= Drink to Me Only with Thine Eyes =

Popular old song

"Drink to Me Only with Thine Eyes" is an English love song whose lyrics are the poem "To Celia" by the playwright Ben Jonson (1572–1637), first published in 1616. The precise origin of its melody is unknown.

==Lyrics==

Drink to me only with thine eyes,
     And I will pledge with mine;
Or leave a kiss within the cup,
     And I'll not look for wine.
The thirst that from the soul doth rise
     Doth ask a drink divine;
But might I of Jove's nectar sup,
     I would not change for thine.

I sent thee late a rosy wreath,
     Not so much honoring thee
As giving it a hope, that there
     It could not withered be.
But thou thereon didst only breathe,
     And sent'st it back to me;
Since when it grows, and smells, I swear,
     Not of itself, but thee.

After this song had been popular for almost two centuries, scholars began to discern that its imagery and rhetoric were largely lifted from classical sources - particularly one of the erotic Epistles of Philostratus the Athenian (c. 170 – 250 AD). (Note: Epistle xxxiii) This borrowing is discussed by George Burke Johnston in his Poems of Ben Jonson (1960), in which he points out that "the poem is not a translation, but a synthesis of scattered passages. Although only one conceit is not borrowed from Philostratus, the piece is a unified poem, and its glory is Jonson's. It has remained alive and popular for over three hundred years, and it is safe to say that no other work by Jonson is so well known." He notes that while the authoritative proof of this borrowing was made by John Addington Symonds, in The Academy 16 (1884), a century earlier the dramatist Richard Cumberland had identified the link to "an obscure collection of love-letters" by Philostratus. The poet John F.M. Dovaston also discussed the borrowing in The Monthly Magazine. (Note: The Monthly Magazine (1815) page 123f)

Besides Philostratus, a couple of other classical precedents have also been identified. (Note: Other precedents include the Latin poet Catullus, and one of the poets of the Greek Anthology. J. Gwyn Griffiths has noted for instance that the image of perfume being imparted to a rosy wreath occurs in a poem of the Greek Anthology On the parallels with Catullus see Bruce Boehrer, "Ben Jonson and the 'Traditio Basiorum'.)

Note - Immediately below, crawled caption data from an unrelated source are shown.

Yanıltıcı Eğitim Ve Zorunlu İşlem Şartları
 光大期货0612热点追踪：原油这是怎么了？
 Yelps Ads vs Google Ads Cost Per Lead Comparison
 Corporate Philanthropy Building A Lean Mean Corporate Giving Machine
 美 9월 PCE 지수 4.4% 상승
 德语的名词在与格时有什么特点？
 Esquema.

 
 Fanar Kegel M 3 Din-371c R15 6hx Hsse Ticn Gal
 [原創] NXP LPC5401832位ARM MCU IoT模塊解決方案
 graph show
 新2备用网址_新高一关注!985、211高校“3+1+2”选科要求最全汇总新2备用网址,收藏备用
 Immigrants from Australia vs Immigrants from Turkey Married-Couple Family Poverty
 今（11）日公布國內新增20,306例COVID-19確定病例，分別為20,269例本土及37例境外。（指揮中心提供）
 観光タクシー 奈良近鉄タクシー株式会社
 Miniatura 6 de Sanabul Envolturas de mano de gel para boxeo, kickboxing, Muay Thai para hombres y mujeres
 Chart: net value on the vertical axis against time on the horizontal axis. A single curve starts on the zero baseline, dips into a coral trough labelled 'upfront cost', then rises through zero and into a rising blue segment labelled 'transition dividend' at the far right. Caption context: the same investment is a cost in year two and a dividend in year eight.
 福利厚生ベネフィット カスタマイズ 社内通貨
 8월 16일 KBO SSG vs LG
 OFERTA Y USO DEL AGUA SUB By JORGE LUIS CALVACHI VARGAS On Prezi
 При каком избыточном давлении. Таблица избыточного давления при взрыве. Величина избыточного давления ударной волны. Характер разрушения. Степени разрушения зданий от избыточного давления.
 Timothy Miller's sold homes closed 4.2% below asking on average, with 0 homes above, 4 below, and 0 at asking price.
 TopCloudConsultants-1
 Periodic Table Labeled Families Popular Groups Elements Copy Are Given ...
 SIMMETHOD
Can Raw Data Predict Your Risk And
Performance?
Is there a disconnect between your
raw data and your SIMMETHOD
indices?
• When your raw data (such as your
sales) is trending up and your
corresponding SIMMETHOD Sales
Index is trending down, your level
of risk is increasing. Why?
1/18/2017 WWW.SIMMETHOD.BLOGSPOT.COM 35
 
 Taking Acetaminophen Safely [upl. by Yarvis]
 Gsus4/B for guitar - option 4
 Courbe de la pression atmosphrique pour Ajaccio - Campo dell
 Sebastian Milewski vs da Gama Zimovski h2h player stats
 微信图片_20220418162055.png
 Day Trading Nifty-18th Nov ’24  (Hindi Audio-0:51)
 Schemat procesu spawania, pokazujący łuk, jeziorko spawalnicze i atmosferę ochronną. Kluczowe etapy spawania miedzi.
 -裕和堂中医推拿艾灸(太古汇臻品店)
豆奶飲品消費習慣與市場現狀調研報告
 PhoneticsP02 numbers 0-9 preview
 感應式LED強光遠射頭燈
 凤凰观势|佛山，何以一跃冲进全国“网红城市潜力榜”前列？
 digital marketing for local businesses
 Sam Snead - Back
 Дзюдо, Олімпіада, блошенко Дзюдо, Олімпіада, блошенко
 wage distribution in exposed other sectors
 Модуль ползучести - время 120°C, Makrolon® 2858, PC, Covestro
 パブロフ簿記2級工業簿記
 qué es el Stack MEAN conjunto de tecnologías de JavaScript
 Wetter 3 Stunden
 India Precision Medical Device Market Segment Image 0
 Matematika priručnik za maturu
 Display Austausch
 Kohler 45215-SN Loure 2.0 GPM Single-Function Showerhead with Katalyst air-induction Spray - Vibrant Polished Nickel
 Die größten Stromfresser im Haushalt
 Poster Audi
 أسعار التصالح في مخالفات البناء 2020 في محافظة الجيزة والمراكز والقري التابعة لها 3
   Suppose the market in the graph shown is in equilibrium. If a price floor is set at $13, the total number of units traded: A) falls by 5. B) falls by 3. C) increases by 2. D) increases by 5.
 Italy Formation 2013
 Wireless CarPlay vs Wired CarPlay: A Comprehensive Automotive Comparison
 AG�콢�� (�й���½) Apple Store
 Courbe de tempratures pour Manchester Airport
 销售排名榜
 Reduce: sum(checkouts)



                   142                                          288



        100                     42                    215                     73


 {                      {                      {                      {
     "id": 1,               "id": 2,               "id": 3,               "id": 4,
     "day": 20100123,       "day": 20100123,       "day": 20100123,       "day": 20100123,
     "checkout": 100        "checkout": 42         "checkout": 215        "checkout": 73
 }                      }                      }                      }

This literary background helps restore the original intention of the words from the blurring of certain lyrical variations which, while naïvely touching, do conceal the true meaning. In particular, the line "But might I of Jove's nectar sup" is often rendered: "But might I of love's nectar sip". The disappearance of Jove was probably not due to changing fashion, however, but to a popular misreading of the text of early editions. In Ben Jonson's time the initial J was just coming into use, and previously the standard would have been to use a capital I (as in classical Latin). Thus in the first edition of Ben Johnson's The Forest (1616), where the song first appeared in print, the line reads: "But might I of IOVE's Nectar sup". "IOVE" here indicates Jove, but this was misread as "love". The word "sup" has also often been changed to "sip"; but "sup" rhymes with "cup", and is clearly the reading in the first edition. The meaning of the line is that even if the poet could drink to his heart's content of the nectar (Note: Nectar and ambrosia were the food and drink of the Greek gods, conveying immortality.) of the king of the gods, he would prefer the nectar made by his earthly beloved.

==Melody==
Willa McClung Evans suggested that Jonson's lyrics were fitted to a tune already in existence and that the fortunate marriage of words to music accounted in part for its excellence. This seems unlikely since Jonson's poem was set to an entirely different melody in 1756 by Elizabeth Turner. Another conception is that the original composition of the tune was by John Wall Callcott in about 1790 as a glee for two trebles and a bass. (Note: Best Loved Songs of the American People states (without evidence) that the tune is sometimes attributed to Mozart.) It was arranged as a song in the 19th century, apparently by Colonel Mellish (1777–1817). Later arrangements include those by Granville Bantock and Roger Quilter. Quilter's setting was included in the Arnold Book of Old Songs, published in 1950.